The consolation, the way I reassure myself about this, is to point out to myself that I’m never going to be on a date so this scenario won’t happen.

This actually makes me chuckle. My sense of humour is that fucked up.

There’s this thing in my life where I seem to have to see every woman I ever feel emotionally engaged with with some other guy and I remember one night ending up in this wooded area by my house totally numb and emotionally exhausted after watching Dakota slobber over some guy and I’m like, “Okay God, fine. Fine, obviously there’s a thing here where you build my hopes up and then you totally destroy them, but why? Okay, I’m going to be lonely and miserable forever, is this not enough? Like, what’s with the whole ,”Oh look, there’s the girl that you really like with someone else!” thing? Like, I don’t really think that I deserve that, not repeatedly. Like, there are  men out there who will smack the fuck out of the women that they’re with and, apparently, I’m less attractive than they are. Why have you done this to me? What could I have possibly done to deserve this? Like, weren’t the years of bullying enough? Isn’t the whole bipolar thing enough? ”

Like, I see these heroin addicts with three teeth on Jeremy Kyle and there are three women arguing over him and I’m like, “That guy is more attractive than I am”. If our metric is stable long term relationships, this guy is kicking my ass.
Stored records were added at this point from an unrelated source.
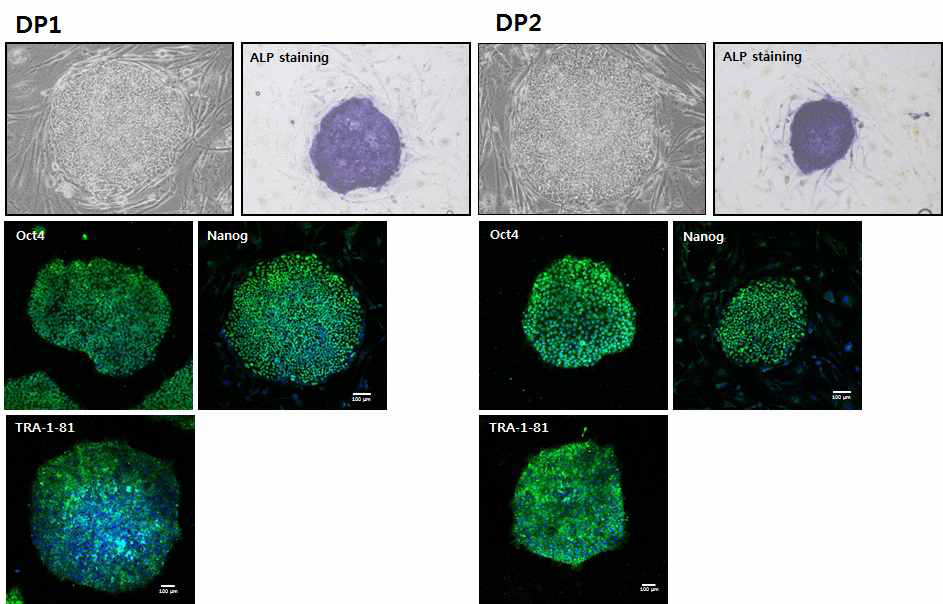 모유두 세포유래 역분화 줄기세포성을 확인하기 위해 ALP staining 및 면역형광 염색을 수행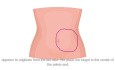 Adnexial Torsion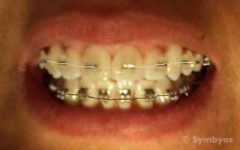 Tooth colored orthodontic brackets, upper teeth; Metal brackets, lower teeth.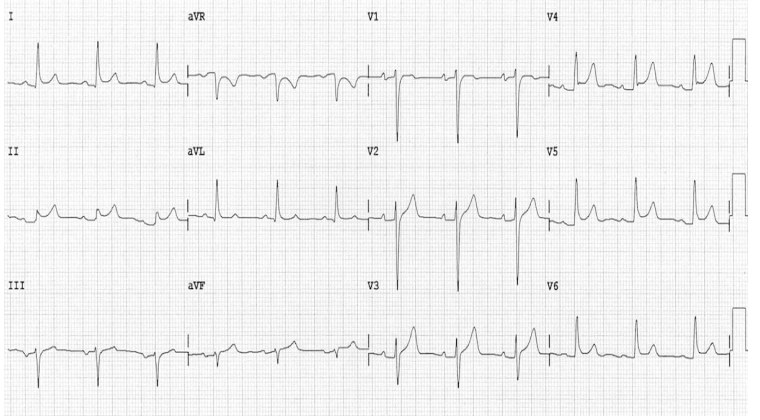 12-lead ECG for chest pain after vaccination.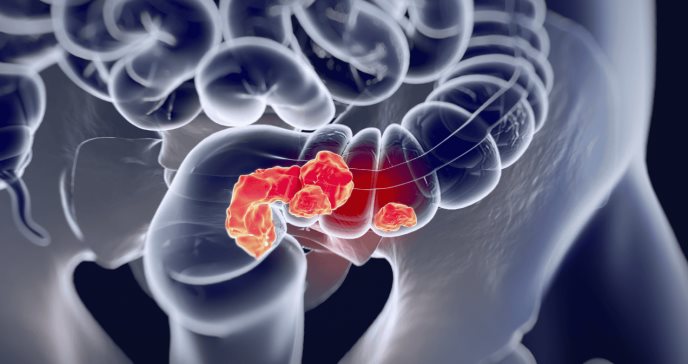 Aumento alarmante de cáncer colorrectal en menores de 50 años: Dieta y estilo de vida, posibles culpables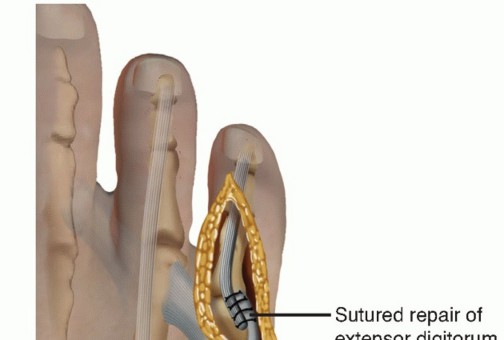 Illustration 30 for Toe Deformity Pain? Rebalance Flexor to Extensor for Relief
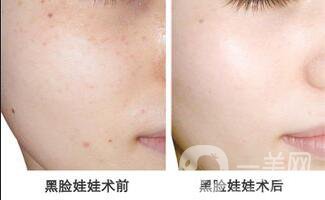 黑臉娃娃一般多少錢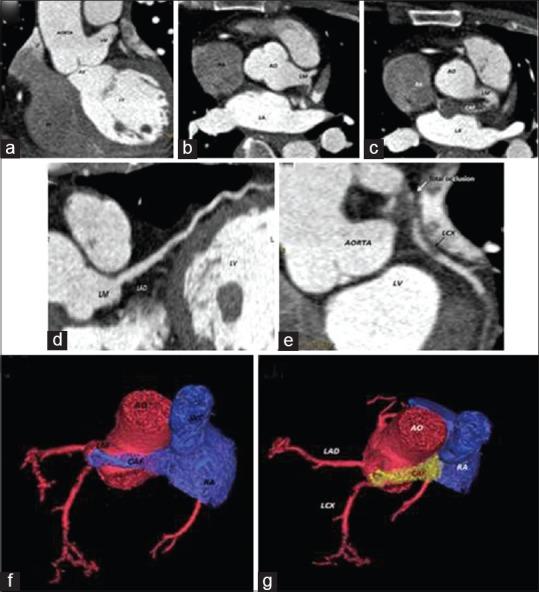 https://cdn.ncbi.nlm.nih.gov/pmc/blobs/defb/4394573/90b2855b3a75/AJM-5-49-g003.jpg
And then occasionally, well quite frequently given my absurdist stance on life, my understandably absurdist stance on life, I feel, I’m like, “Well, actually, it’s not you, is it? Like, rationally……you develop feelings for people, you don’t feel a need to control them, you have all these female friends only one of which you’ve been violent towards, but that did get her through 5th kyu, you are the archetypal “defender of women” quite alpha male and confident, you end up in bed with random women……….Rationally, it’s not you, is it?”
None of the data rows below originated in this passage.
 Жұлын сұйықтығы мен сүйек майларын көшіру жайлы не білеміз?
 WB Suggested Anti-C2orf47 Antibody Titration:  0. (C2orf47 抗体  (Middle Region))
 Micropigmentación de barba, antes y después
I can feel myself shutting down. It’s just going to be like this forever. Nothing changes but my capacity to take it.

I suppose I’ll overcome this.

Rough day. I’ll be alright in the morning.

Food, sleep.

Now that I’m shut down and thinking it might not be all that bad. I’ll write it up tomorrow or sunday and try and clarify things in my skull.

You know what strikes me, thinking about things in an overview sense? Nothing ever goes wrong from a neutral, equilibrium point. It’s only when I’m optimistic that things go to shit.

I was going to ask her out again today.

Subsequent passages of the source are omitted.